EXTRACTED INFORMATION:
_ _ _ _
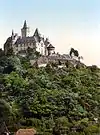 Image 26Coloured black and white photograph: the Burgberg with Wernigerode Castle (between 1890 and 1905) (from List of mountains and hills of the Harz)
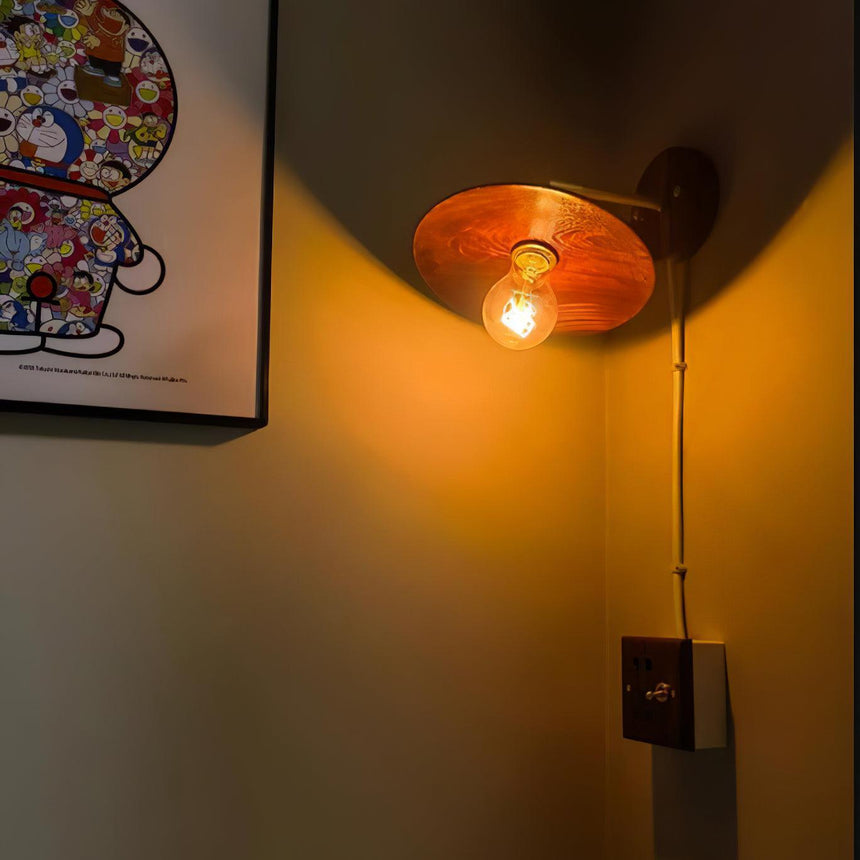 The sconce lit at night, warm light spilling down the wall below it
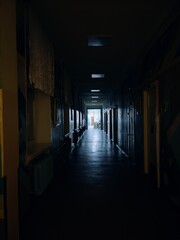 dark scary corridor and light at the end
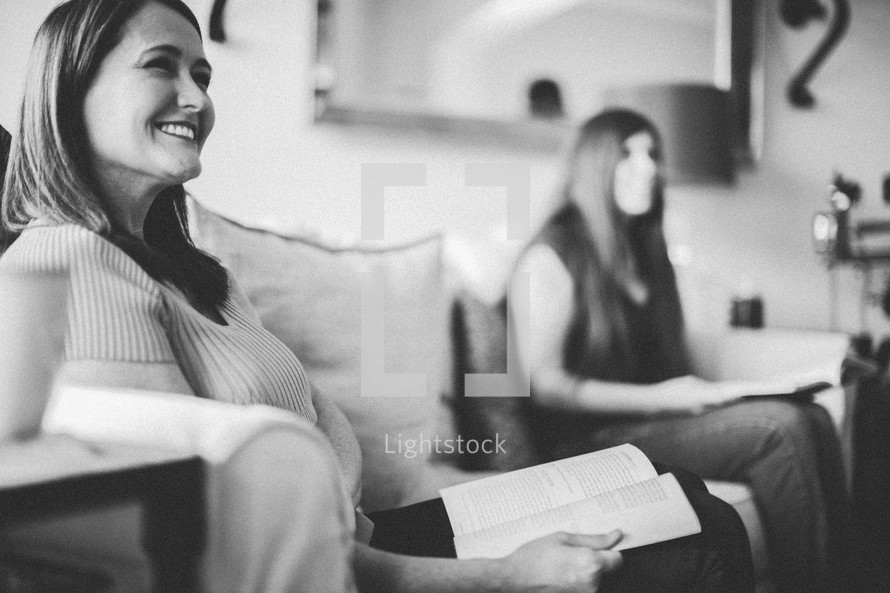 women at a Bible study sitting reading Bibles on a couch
_ _ _ _
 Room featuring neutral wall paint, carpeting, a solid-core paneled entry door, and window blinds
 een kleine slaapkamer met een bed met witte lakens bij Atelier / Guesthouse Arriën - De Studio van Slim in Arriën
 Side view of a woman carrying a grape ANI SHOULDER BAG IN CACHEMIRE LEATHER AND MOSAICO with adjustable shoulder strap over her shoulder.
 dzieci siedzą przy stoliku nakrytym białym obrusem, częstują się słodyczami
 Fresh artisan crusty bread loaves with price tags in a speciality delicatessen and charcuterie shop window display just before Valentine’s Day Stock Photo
_ _ _ _
EXERCISE INSTRUCTIONS:
Repeat, word for word, the lines above between the line holding "Side view of" and the line holding "Fresh artisan crusty", inclusive; omit everything else.

RESULT OF THE TASK:
 Side view of a woman carrying a grape ANI SHOULDER BAG IN CACHEMIRE LEATHER AND MOSAICO with adjustable shoulder strap over her shoulder.
 dzieci siedzą przy stoliku nakrytym białym obrusem, częstują się słodyczami
 Fresh artisan crusty bread loaves with price tags in a speciality delicatessen and charcuterie shop window display just before Valentine’s Day Stock Photo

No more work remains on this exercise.